Врач хмурился, а я понимала, что число, названное мной, ему не понравилось. Здесь явно какая-то накладочка вышла. По всей вероятности, тридцатое число с телефоном и путешествиями в лифте - это мой бред. Может тогда сегодня двадцать девятое апреля? Надо подумать, что было двадцать девятого. Но год, однозначно, пятнадцатый. На такой ответ доктор удовлетворенно кивнул, приблизился ко мне, заглядывая в глаза, и проговорил зловеще-страшным голосом, отдающим гулким эхом по стенам и болью в голове.
- Сегодня двадцать шестое апреля. С днем рождения, Оля.
Лицо его страшно исказилось, после чего у меня снова померкло в глазах, и я в очередной раз отключилась.

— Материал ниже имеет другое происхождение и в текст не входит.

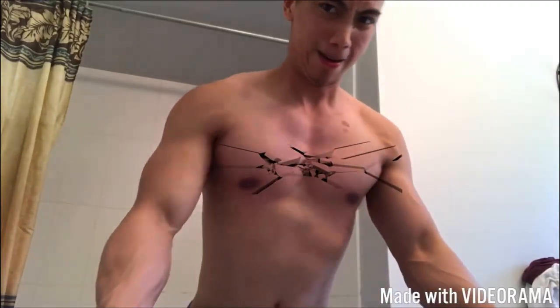30 more. 1, 2, 3, 4, 5, 6, 7, 8, 9, 10. 1, 2, 3, 4, 5, 6, 7, 8, 9, 10. 1, 2, 3, 4, 5, 6, 7, 9, 10. There you have it.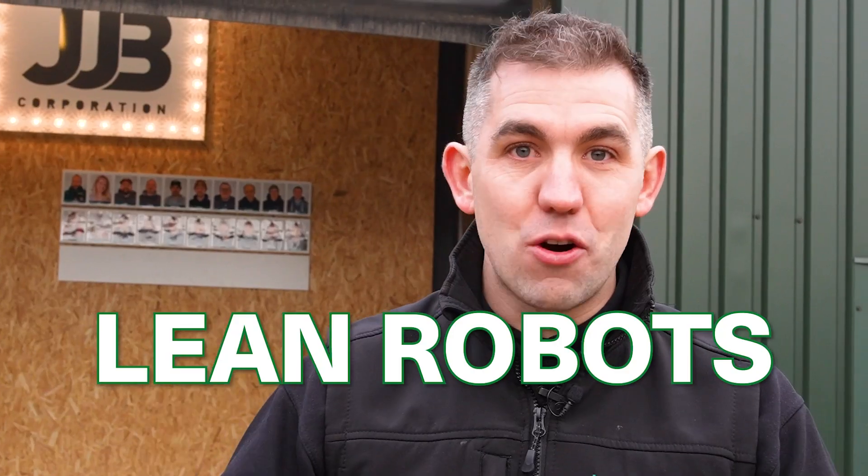Today we're at JGB in Norfolk, England, and you're going to be absolutely blown away by what's happening right behind me. They're doing a day's work in one hour with Lean Robots.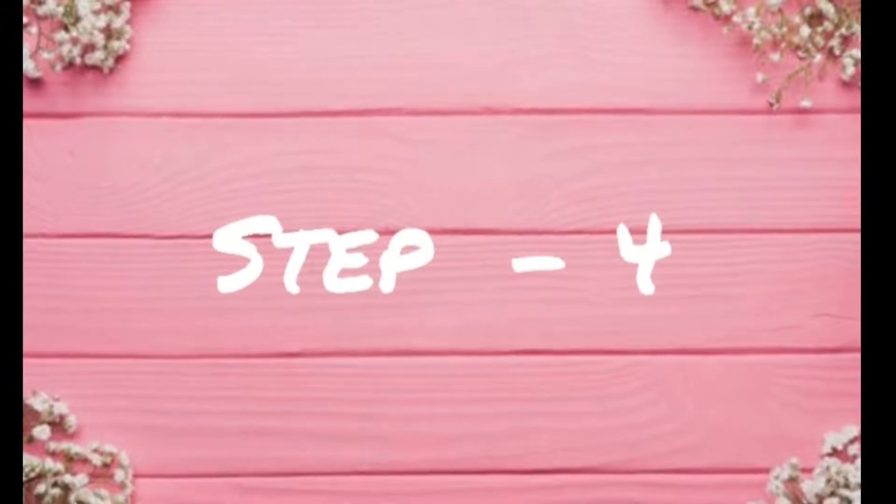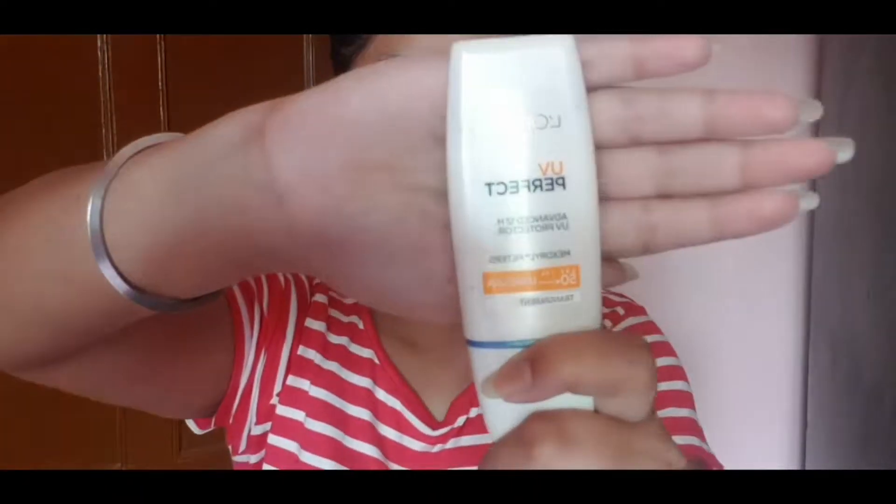Then I will use a toner. After toning, I apply sunscreen — sunscreen is very necessary. I am using a moisturizing base sunscreen, so I have not used any separate moisturizer. I apply sunscreen on my face and let it absorb for about 5 minutes before moving to the next step.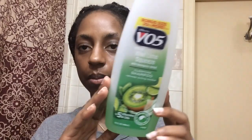Hello everyone and welcome back to my channel. So in this video, I'm going to be showing you guys my quick and lazy box braids wash day routine.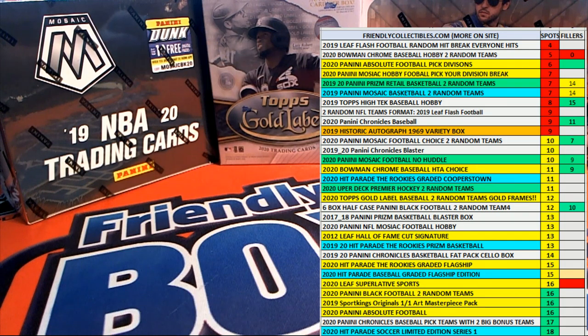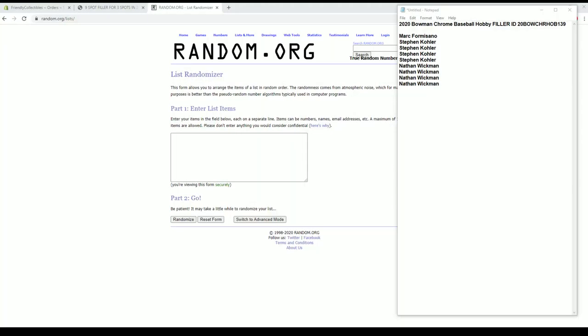Alright guys, we're going to do a filler here for Bowman Chrome Hobby Baseball 139. Brake's currently at 5 left there. This is a filler. Let's do it guys. Good luck.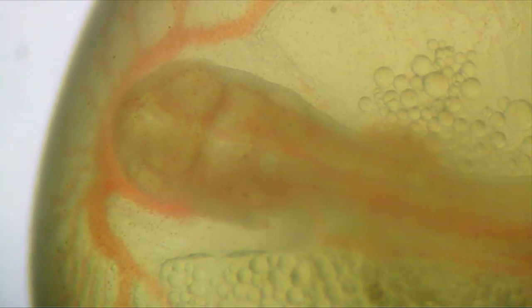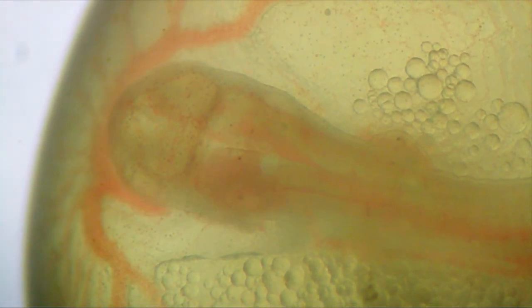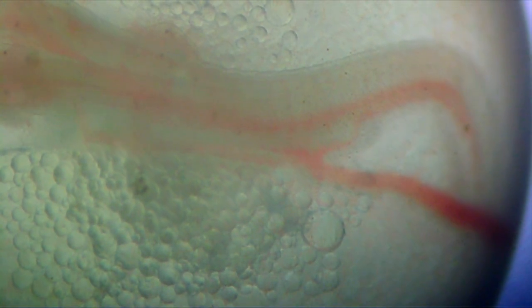You can also see the oil droplets and the developing notochord for the backbone, which turns into the fish's musculature. You can even see the little sections where the muscles will become the tail, and this blood from this tiny heart is flowing completely around the egg and bringing oxygen to the entire egg.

Неизвестно через какое время я опять очнулась, но в этот раз бодрствовала достаточно долго. Подходила медсестра - меняла у меня емкости с лекарствами. Я даже попыталась ее расспросить о случившемся, но вышло не очень внятно - говорить все еще было затруднительно. Сама же медсестра отмахнулась от меня, сославшись на то, что все вопросы надо задавать врачу, и она не вправе ставить диагнозы и рассказывать о ходе лечения. Дальше пришла санитарка и провела со мной не очень приятные и даже жутко мучительные процедуры, а потом на какое-то время меня оставили в покое. Я прикрыла глаза и стала дальше складывать разлетевшиеся в разные стороны в моем сознании пазлы. Их до такой степени уже разнесло, что кажется и не соберешь никогда теперь.